Vanessa Newby also wrote a very good piece on how the Arab world views ISIS:

My sense is that most Middle Easterners recognise that ISIS does not reflect genuine Islamic values and believe the group is just opportunistically seeking power. A survey of the region in 2014 found ISIS received almost no support in Arab states. Interestingly, Sunni support for ISIS is described as high by some Western and Israeli commentators.

However, 'almost no support' is not the same as 'zero support', and in Egypt and Jordan, active support for ISIS has emerged. It is fair to assume that in these cases socio-economic factors are partly to blame, something President Obama referred to in his speech at a recent anti-extremism summit. The summit received minimal attention from Middle East media owing to the local belief that US policy in the region is the root cause of extremism there, and because states at the coalface of extremism, such as Lebanon, did not attend. Local politics also play a role. In Egypt, support for ISIS is in part a response to the Government's crackdown on the Muslim Brotherhood and other Islamic groups.

Israeli Prime Minister Benjamin Netanyahu gave his highly anticipated and divisive speech on the Iran nuclear negotiations in Washington on Tuesday. Anthony Bubalo had this take on Bibi:

In effect, therefore, Bibi argued that America should just walk away.

But then what? He didn't argue the case for imposing more sanctions on Iran, perhaps because he understands that sanctions have not prevented Iran from developing its nuclear program to date. And while increased sanctions over the last year have helped bring Iran to the negotiating table they are unlikely to be sustainable in the longer term, given their reliance on Russian and Chinese cooperation.

Nor did he say anything about military action, perhaps in the knowledge that even among many Republican allies there is little appetite for dragging America into another costly war in the Middle East.

Prominent Russian opposition leader Boris Nemtsov was murdered in central Moscow last weekend. He had been investigating Russian military involvement in eastern Ukraine before his death. Matthew Sussex wrote on Russia's fractured liberal opposition:

Nemtsov knew he might be killed. He had spoken of the possibility as recently as a fortnight ago. Yet his death is more than just a sign that liberals are once again potential execution targets. It will be a vital test of opposition to Putin's rule inside Russia. Nemtsov's murder has already caused popular outrage, as evidenced by this morning's march in Moscow. If it sparks widespread civil disobedience, it will be a sign that Putin's seemingly immovable spot at the apex of Russian politics is vulnerable. But if the liberal intelligentsia accept it meekly and with only token protests, it will demonstrate the direct opposite: that there is still no realistic alternative to the government in the Kremlin.

Rodger Shanahan deconstructs a story in The Australian about Prime Minister Tony Abbott:

According to the story, the PM raised an operational planning idea in his office and then sought the advice of Australia's 'leading military planners'. Not the normal way of doing things, for sure, but plausible. By the time I got to the second paragraph, however, my 'sloppy journalism' warning light began flashing. And when I noticed that the article failed to define who 'Australia's leading military planners' were, the light stopped flashing and just stayed on.

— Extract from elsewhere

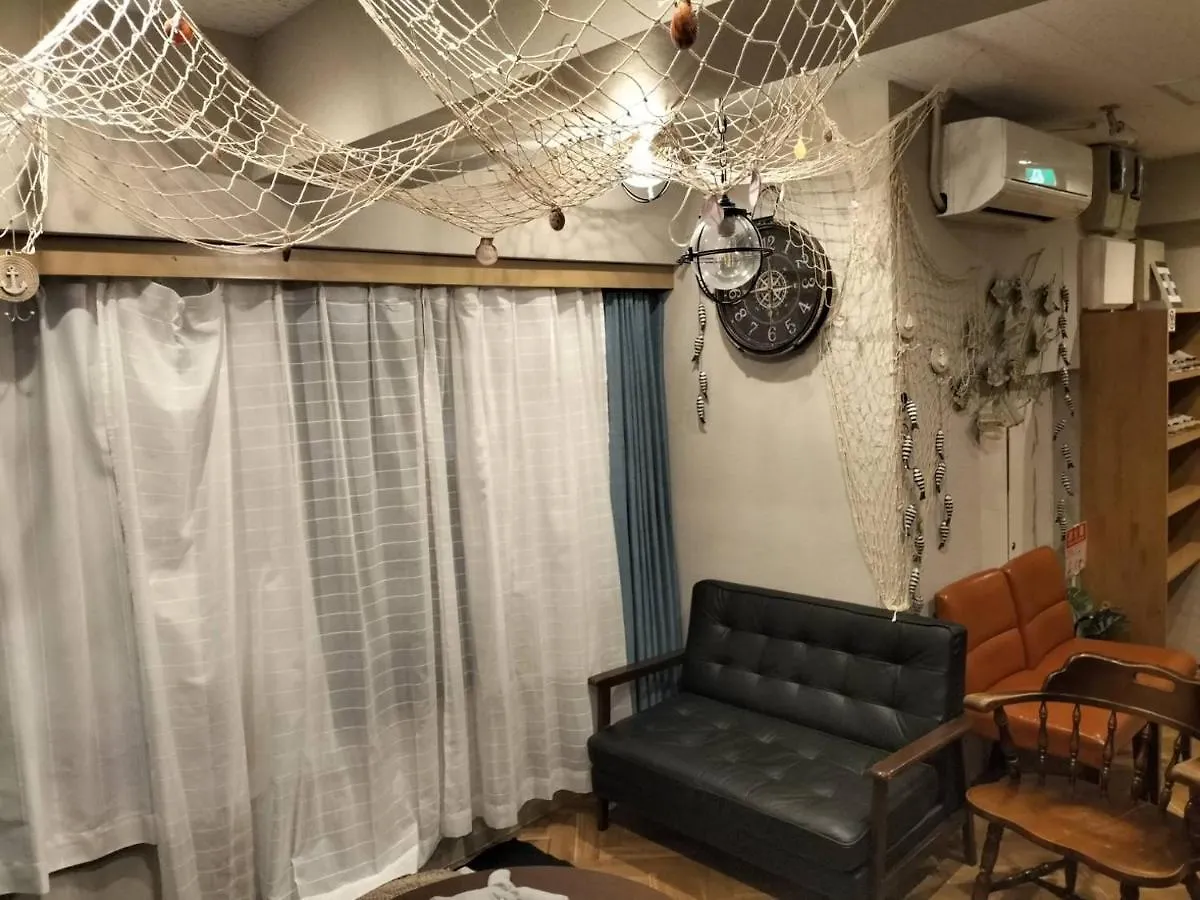 Bnb Plus Ueno Park Female Only Tōkyō 0*,  Japon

New Zealand is planning to send soldiers to assist in training efforts in Iraq. But Robert Ayson says the deployment decision actually reflects a divided political leadership:

But on one issue Prime Minister Key seems firm. New Zealand's forces will be in Iraq for only two years and then they will come out. As this exit date comes before the next general election in New Zealand, in theory at least National is not committing any future government to continue the mission it has started. But at that point the trans-Tasman partners may be in different positions. In one interview Mr Key said he expected 'Australia will stay longer, so they'll either backfill with more people of their own or maybe they'll find another training partner or whatever.'

It looks more likely that Australia will acquire armed drones from the US. Ben FitzGerald argues that, alongside making sure that the Australian Government develops the right regulations and norms to govern their use, Australia also needs to make sure that other nations in the region use them in line with the global rules-based order:

The greatest risk to Australian interests is not that other nations will acquire drones and use them against us (if it were, buying drones of our own would not be a remedy). The more likely risk is that some nations will use them in ways that undermine the rules-based international order that Australia subscribes to, or will increase regional instability through risky use (such as China flying a drone toward the Senkaku islands in September 2013). These incidents are likely to increase in frequency as nations acquire drones and seek to push the boundaries of international norms or re-establish them in their favour.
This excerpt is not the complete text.